Le football terroir, tout naturellement meilleur

Fort heureusement, le foot ne se résume pas à la Coupe du Monde. Sinon, Messi ne serait pas le meilleur joueur du monde, le Servette FC la prochaine équipe à monter en Super League. Oui, je chambre mes amis lausannois. Mais de toute évidence, le duel à la montée s’annonce plus épique que les épreuves reines de la discipline. Petit retour sur une soirée magique à la Praille.

Tu as attendu 4 ans pour voir le meilleur sport du monde au zénith de son art. Voir ton équipe préférée emballer le match, avoir la maîtrise du jeu de la première seconde à la dernière. Cependant, tu as peut-être été déçu. Les matchs furent bien souvent tronqués par des erreurs d’arbitrage, joués avec des organisations de jeu prudentes dans les deux camps. Patati patata. Bref, ce mois de Coupe du Monde en Afrique du Sud t’a probablement laissé sur ta faim. Pire, il te semble que le football a perdu de sa superbe, de sa magie. Et bien, si c’est le cas, c’est que tu mérites qu’une main te «correctionne» chacune de tes deux fesses bien dodues. Vlan douing douing… Vlan douing douing… Vilain petit garnement ! Tu dois apprendre la patience. A force, tu finiras comme Tonton CC, toujours à se plaindre, jamais satisfait de sa place en fin de saison.
Si tu avais attendu exactement 40 jours, 22 heures et 39 secondes seulement après la finale de la Coupe du Monde, tu aurais vu ton savoureux souhait se réaliser. Un soir apparemment anodin, un certain Servette-Kriens à la Praille.

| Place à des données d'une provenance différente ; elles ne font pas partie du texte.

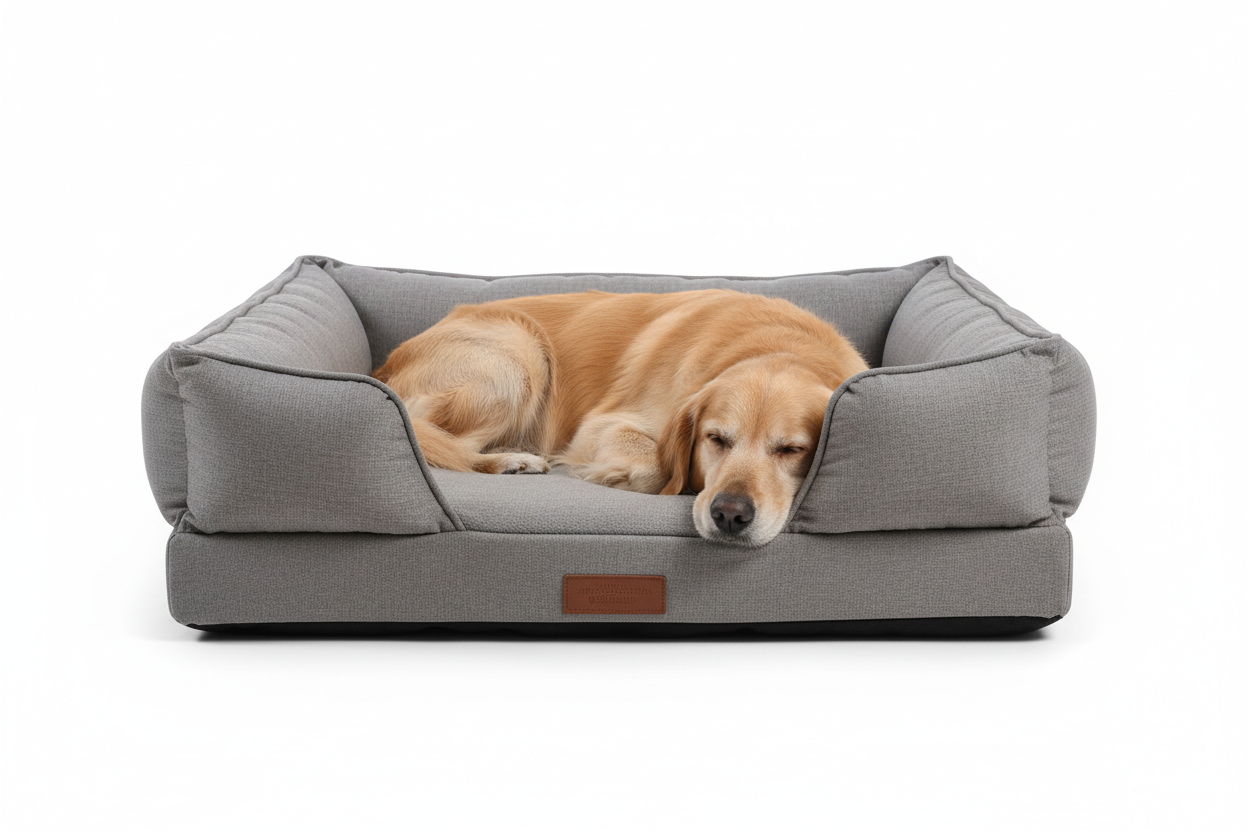 Orthopedic Dog Bed – Memory Foam, Washable Cover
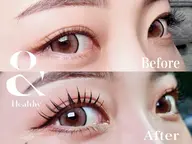 【ミニモ限定価格】🦋アンドヘルシー🦋 (フラットラッシュ80本+まつ毛パーマ) オフ+束感コーティング込み🖤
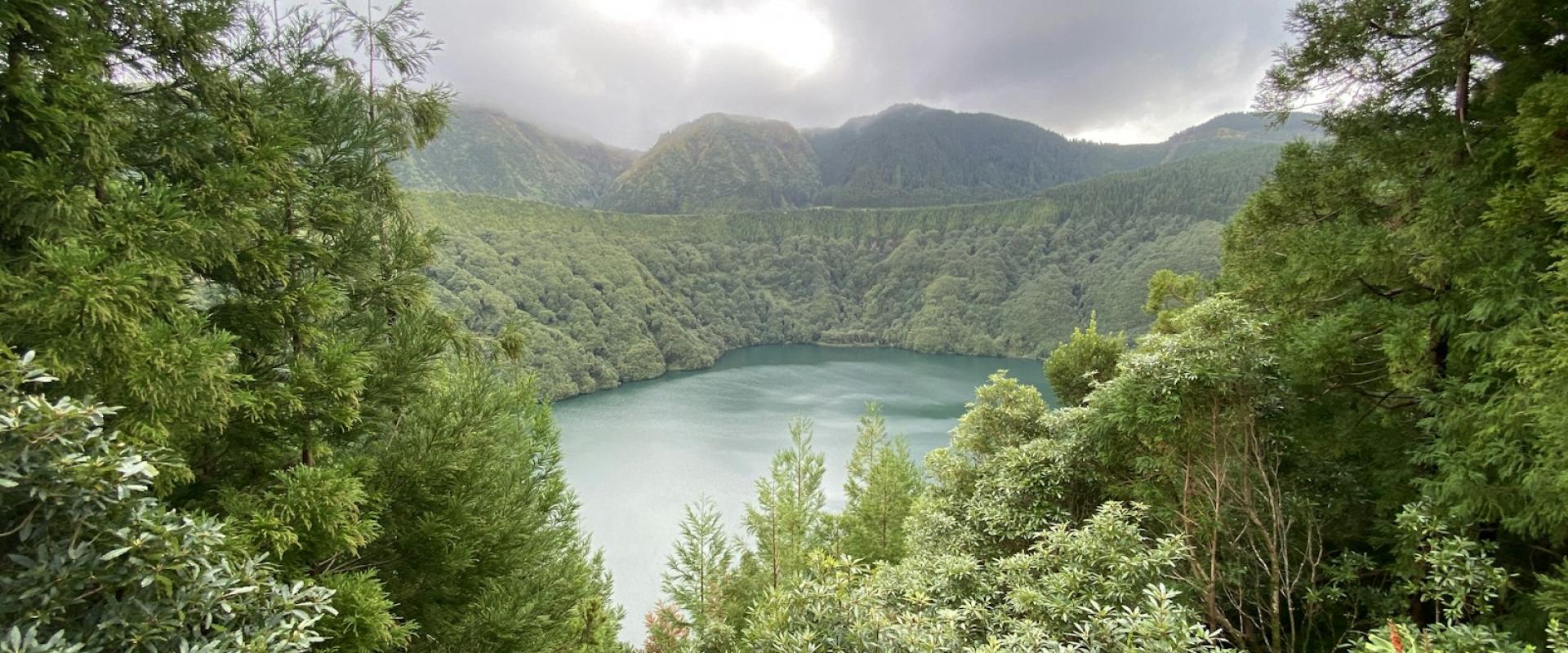 Deep Crater Lakes Shaped By Volcanic Activity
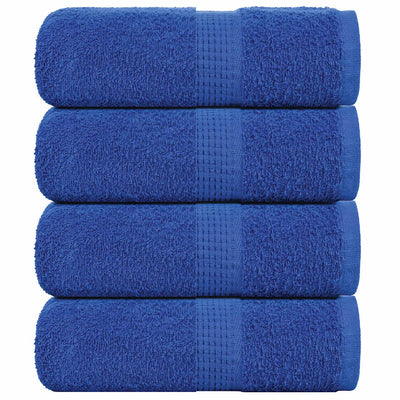 Toallitas de jabón Vidaxl 4 ST 30x30 cm 360 g m² 100% de algodón azul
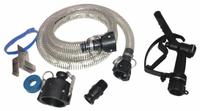 ACTION PUMP Discharge Hose Kit: 1 in FNPT, 1 in Male Camlock, 8 ft Hose Lg, 1 in Hose Inside Dia. (MPN IBC-HK-8P2C). Key specifications — Hose Tube Material: PVC; Temperature Range: 140°F; Manufacturer Part Number: IBC-HK-8P2C; Brand: ACTION PUMP; Compatible Manufacturer Model Number: IBC-HK-8P2C.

Comme à son habitude depuis que Servette enchaîne les victoires, le peuple grenat a répondu présent. Une fois que le club sera monté, le vrai supporter devra bien se déculpabiliser en se disant qu’il venait au stade aussi bien dans les bons moments que dans les mauvais. Selon l’annonce officielle, il y a eu 5’104 vrais «socios» grenats. Ne vous inquiétez pas ! J’ai bien soustrait le groupe de 30 allumés tout de vert vêtu assis en tribune principale, chantant dans la «langue des chevaux». Ce n’est pas que je n’aime pas l’allemand et ses locuteurs, mais il paraît que c’est comme ça que la désignait Charles Quint, ancien archiduc d’Autriche. Excusez-moi du peu.
Avant le coup d’envoi, certains avaient peut-être perdu la sérénité qui les habitait habituellement. Avec une série d’invincibilité, la surprenante défaite à Winterthour a eu l’effet d’une douche froide pour les supporters genevois (3-1). Le doute ne demandait qu’à grandir. Après les années folles de 1920, il y a bien eu les années de la Grande Dépression. Mais c’était oublier qu’un «S» même à l’envers reste un «S». Servette will never die. Ce fut donc une soirée Servettienne Superbe Splendide Sensationnel. Le score fut sans appel. Servette 6, l’autre équipe 0.
C’est vrai, j’abuse sur les superlatifs. Mais j’assume. Le doute d’avant match fut dissipé dès les premiers contacts. Servette était physiquement présent et agressif sur chaque ballon. Au bout de 2’40 déjà, Pizzinat toucha la barre. Devant l’intensité qu’impose le Servette, Kriens excella dans le jeu de passes entre défenseurs. A chaque tentative de construction de jeu, les Lucernois perdirent rapidement le ballon. On a senti tous les joueurs servettiens impliqués dans la récupération du ballon. Le premier but vint naturellement d’un duel gagné par Vitkieviez. Celui-ci remit le ballon à Eudis qui fut fauché en dernier recours par le gardien lucernois. Résultat : pénalty et expulsion du gardien. De Azevedo transforma le pénalty que je n’osa pas regarder, pensant à celui raté par Eudis lors du match contre Bienne à la Praille.
Réduits à 10, les visiteurs se recroquevillèrent en défense. Pour autant, Servette ne relâcha pas la pression. Il continua à chercher des solutions offensives en jouant intelligemment au sol. Il paraît qu’en 2020 Servette gagnera la Ligue des Champions. Cette soirée a donc servi aux spectateurs de se sentir déjà comme une grande équipe, comme le Barça qui fait tourner le ballon autour d’une équipe venue pour perdre.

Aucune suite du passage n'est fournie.